Discovering that users in the source system weren’t required to have a unique email address was somewhat of a surprise though, especially as that’s critical for customers of an online store. We found fields we assumed to be required were often missing in various ways: sometimes null, sometimes empty strings. Fields were often noisy with assorted formats for telephone numbers and compound names, or they had surrounding whitespace from when it was input or just from fixed length database columns. Like an archeological dig we kept unearthing more gotchas and historical inconsistencies.

After a lot of back and forth and trial and error our data sync stabilised, alongside working with the client to improve their processes for entering and updating data.

Version Two

The next dilemma though was that our sync was slow. The number of available products rapidly increased and the time to finish a sync grew. Version one ran console commands on a cron schedule, and with something like parallel we could have pushed this model further, but the Laravel framework has first-class support for queued jobs so it made sense to shift the syncing logic to them.

Doing this gave us control over the concurrency of different jobs - the data sync was becoming a more resource intensive process and we didn’t want to starve out any other processes.

Version one already had Sentry alerts so we didn’t lose any visibility of issues that cropped up which can often happen with queue jobs. At first we used the Symfony Lock component to ensure that we weren’t running the same sync multiple times, however Laravel introduced a native solution in version 8.0. The downside of both these solutions however is that if an unexpected error does occur, you either have to wait for the lock to expire or manually remove it before another sync will take place.

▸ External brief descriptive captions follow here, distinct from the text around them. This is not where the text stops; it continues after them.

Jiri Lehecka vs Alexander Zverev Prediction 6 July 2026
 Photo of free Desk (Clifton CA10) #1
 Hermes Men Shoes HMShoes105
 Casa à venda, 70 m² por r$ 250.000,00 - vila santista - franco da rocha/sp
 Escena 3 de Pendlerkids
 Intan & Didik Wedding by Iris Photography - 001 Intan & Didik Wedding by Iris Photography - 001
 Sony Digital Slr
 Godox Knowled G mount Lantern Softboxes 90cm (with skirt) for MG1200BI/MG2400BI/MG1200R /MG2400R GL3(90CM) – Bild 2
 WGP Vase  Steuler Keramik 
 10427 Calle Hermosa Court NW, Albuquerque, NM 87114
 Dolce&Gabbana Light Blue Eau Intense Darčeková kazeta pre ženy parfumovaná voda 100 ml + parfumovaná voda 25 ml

Moving to queued jobs however didn’t sort the amount of time certain syncs took: 4.8 million stock units is a lot to process sequentially, even with more control over resource usage and concurrency.

After an extensive performance audit, we began more smartly batching updates and being more judicious in our filtering, making sure that we only updated the target when the fields in the source had changed. By trading database load for CPU usage we markedly improved the sync’s runtime, from twelve hours to four. Even with this improvement, if a new product went live on the client’s system at 9am, it might not appear in the online store until 1pm.

So back to the drawing board it was.

Version Three

Parallelising the process was the obvious next step to improve performance, so taking those 4.8 million stock units and breaking them up into batches of 1,000 units each, each batch able to be worked on independently. The source database however did not have a lot of resources to spare, and because it - without hyperbole - ran our client’s entire business, tying it up with an aggressive data sync would directly impact their ability to function day-to-day.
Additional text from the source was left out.